While a ΔG_BdpA,BdpA value of zero is consistent with an interfacial interaction that is neither stabilizing nor destabilizing, it is inconsistent with the number of states in the 1D Ising model . An interfacial free energy of zero (equilibrium constant of one) would mean that when both repeats are folded, half of the population has an interface formed, and half has does not. However, the 1D Ising model does not allow for fractured interfaces. To account for this missing state, we fitted the BdpA curves using the fractured 1D-ising model. This model fits about as well as the standard 1D Ising model, and give a nearly identical ΔG_BdpA (Table 4). However, ΔG_BdpA,BdpA is poorly defined; though it has a lower bound of around +1 kcal/mol, it is essentially unbounded from above.
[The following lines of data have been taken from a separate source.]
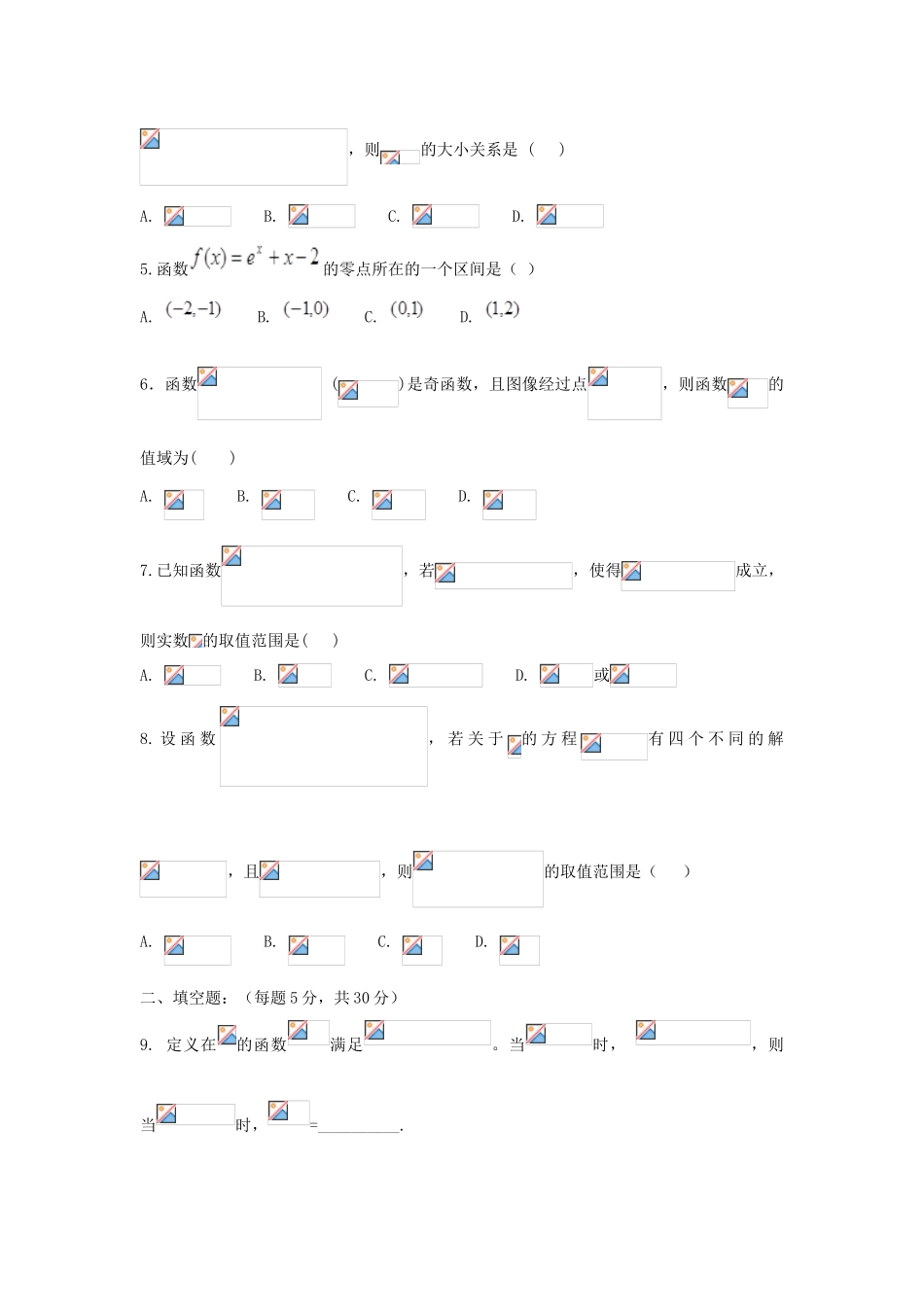 天津市静海县高三数学9月学生学业能力调研考试试题 理-人教版高三全册数学试题_第2页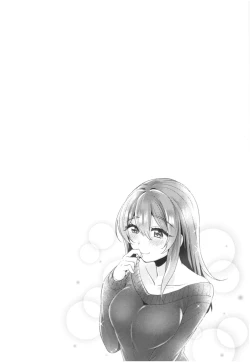 Page 233 of Wakeari Kanojo no Seijijou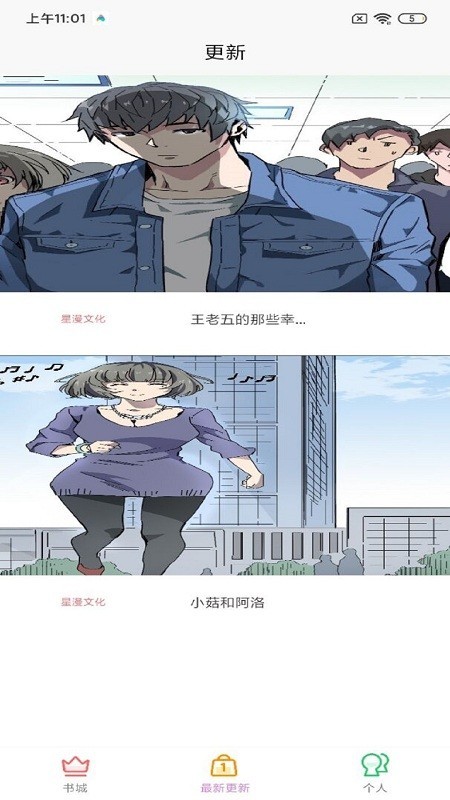 趣阁漫画app下载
This reflects the fact that unstable interfaces are not formed and thus have no influence on the folding transitions, regardless of whether interfacial stability is +1 or +10 kcal/mol. This is a manifestation of the thermodynamic maxim that things that are energetically unfavorable do not happen.

Although the fractured Ising partition function is a more appropriate description of the states of BdpA than the simpler 1D-Ising model, its poorly determined interfacial free energy is rather ungainly. The binomial model, which has the same form as the 1D-Ising model but treats adjacent folded repeats as unpaired, fits with about the same RSSR as the fractured 1D-Ising model, and gives identical ΔG_BdpA and m-values to three significant figures (Table 4). The goodness-of-fit of the binomial model further supports the assignment of BdpA arrays to FARPs.